You probably won’t get your day’s quota of words done in the time, but you’ll get an idea early on whether today is going to be an easy day or a hard day. If you know by breakfast rather than midnight that you still have 1200 words to do, you’ve got more time to do something about it. Remember with NaNoWriMo, the clock is always ticking!
Work Time Is Thinking Time
Surviving an apocalypse isn’t just about death and gore. Sometimes there are mundane tasks that still need to be done. But the best word-slayers use such tasks to aid them in the fight ahead.
Use mind numbing tasks at your day job as an excuse to think about your next writing session. Plan out what’s going to happen, think about what you need to describe, about any dialogue. Whilst you don’t want to develop bad habits of deliberately dragging scenes out, you don’t want to be writing things like “Jan and Mike argued until Mike grabbed his coat and left” when you could write that argument, develop character and tension, as well as increasing the all-important word count.

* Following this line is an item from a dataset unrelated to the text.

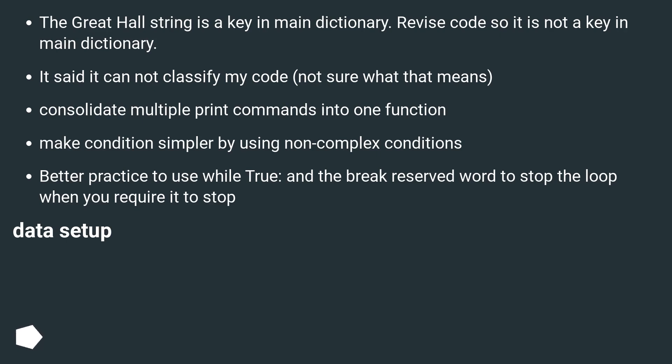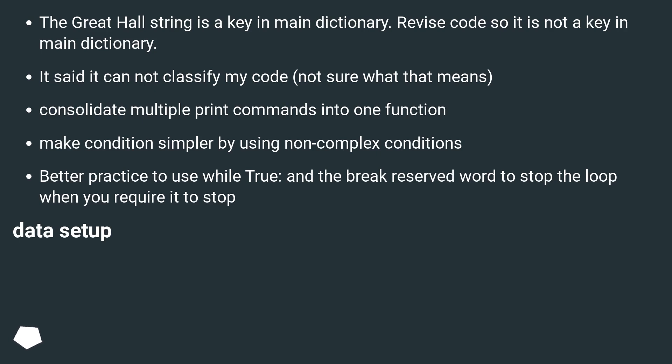The Great Hall string is a key in main dictionary. Revise code so it is not a key in main dictionary. It said it cannot classify my code, not sure what that means. Consolidate multiple print commands into one function. Make conditions simpler by using non-complex conditions. Better practice to use while True and the break reserved word to stop the loop when you require it to stop.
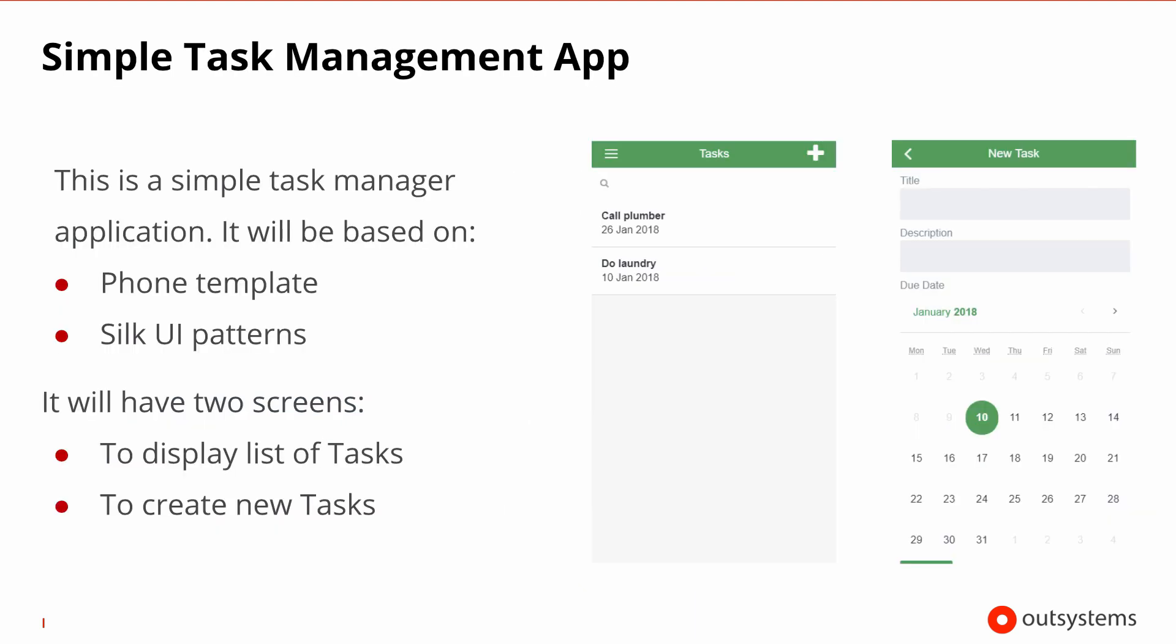Our demo using SilkUI is a simple task management app. This app is a mobile application meant for small screens, but adaptable to tablets, and is therefore based on SilkUI's phone template. It takes advantage of the calendar and search SilkUI patterns specifically. This demo app is limited to two screens, one to display the list of tasks and one to create new tasks.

Even if your job doesn’t allow you much thinking time, you can still make good use of work hours. Colleagues or customers make for great visual templates for characters. How would you describe their looks? Do they have any visual or vocal tics you could incorporate into tonight’s writing? What about their clothes; could you dress a character the same? What colour would you call that dress? Are there places you pass on your way to and from work that could be used as templates for locations? How would you describe them?
Remember, just concern yourself with the next twenty-four hours’ worth or writing and push other ideas to the back of your head. You can worry about how you’re going to write that awesome fight scene in the final chapter when you come to the end of the month.
Sometimes during an apocalypse you have no choice but to abandon your hideout and run. Forget those left behind, there’s nothing you can do for them right now, just get away and live to fight another day. And sometimes, as a last resort, when things get really bad, you have to just abandon your scene and move on.
Are you trying to write one scene and your brain is thinking about another? Many writers (myself included) like to write linearly, writing the scenes in the order they will appear in the finished book. But NaNoWriMo is ruthless, so if your brain is thinking about another scene, go write that scene. Just be sure you’re not swapping one problem for another. Sure you might have a killer last line for that other scene in your head but do you have everything else needed to write it?